「立体化」か「データ化」か

 そもそも、3次元化することの意味がセットメーカーと部品メーカーで同じなのか、というもう一つの論点もある。映画「アバター」や「アリス・イン・ワンダーランド」「トイ・ストーリー3」で見られるように、形を立体で表現できることは魅力的だし大事なことだが、果たしてそれだけなのだろうか? という点である。

 セットメーカーでは開発の新陳代謝を利用して、単に形状を立体表現するだけでも効果的だった。複雑にユニット同士が干渉するような領域で取り合い設計をしたり、また3次元CADでないと表現できない複雑な曲面を使ったり、単なる立体化がむしろ効果を生んでいたといえる。

 ところが部品メーカーでは、部品点数も限られており、セットメーカーのように曲面でデザインを工夫して設計するようなシーンがあまりない。立体表現を重視する限りにおいて、3次元化によるメリットは部品メーカーではあまりない客観状況である。メリットがあまり感じられず、導入の機会もつかみにくいとなれば、部品メーカーの3次元化が進まなくても当たり前であろう。

 それでは、部品メーカーにとって3次元化は本当に意味がないのか。そこで出てくるのが3次元化のもう一つの意味である「情報のデータ化」である。「情報のデータ化」は、部品メーカー、セットメーカーを問わず、これまではっきりとは意識されてこなかった。3次元化といえば、暗黙のうちにたいてい立体化と同義と考えられていた。

 しかし、実際には3次元化といっても2つの意味があり、このことは部品メーカーにとって大変重要な意味を持つ。「なぜ今さら3次元化なのか?」という問いに対する解にもつながっていく。(表1)。「情報のデータ化」とややあいまいな表現をしたが、少し別の言い方をすれば、これができることによって前回の冒頭で述べた「設計変更にまつわる異常」が発生し得なくなる。

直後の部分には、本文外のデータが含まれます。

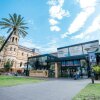 Отель Bliss at Balfours-Heart of the CBD - Wifi - Nespresso - Netflix в Аделаиде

表1●セットメーカーと部品メーカー、それぞれの現状と3次元化の意味
ツール導入 業務 3次元化の意味
3次元CAD ERP FMC 立体表現 情報のデータ化
セットメーカー
部品メーカー ×

 さて、「情報化のデータ化」とは前回触れた「ものづくりのコンピュータ化」、と同じことを指している。メーカーが営利企業である以上、経営者は「ものづくり」はもちろんだが、ビジネスとして成立していくためにお金の動きを気にしなければならない。ともすると経営に近いところからコンピュータ化していく状況に陥ることが多い。

 このような企業は「製品ライフサイクル」に沿って製品情報を管理していくPLM(Product Lifecycle Management)あるいはPDM(Product Data Management)より、直接的な決算状況を把握できる在庫、決済、資産といった情報から先にIT化しようとする。いわゆるERP(Enterprise Resource Planning)である。

 いきなりアルファベット3文字の羅列になってしまったが、これらはあるルールに従って相互につながるべきものだ。そしてものごとの順番からいうと、ERPは実は「情報のデータ化」の流れとしては最も下流に位置する。このことを経営者の方はしっかりと認識する必要があると思う。「情報のデータ化」は、その情報の最上流すなわち設計部門から適用しないと意味がないからだ。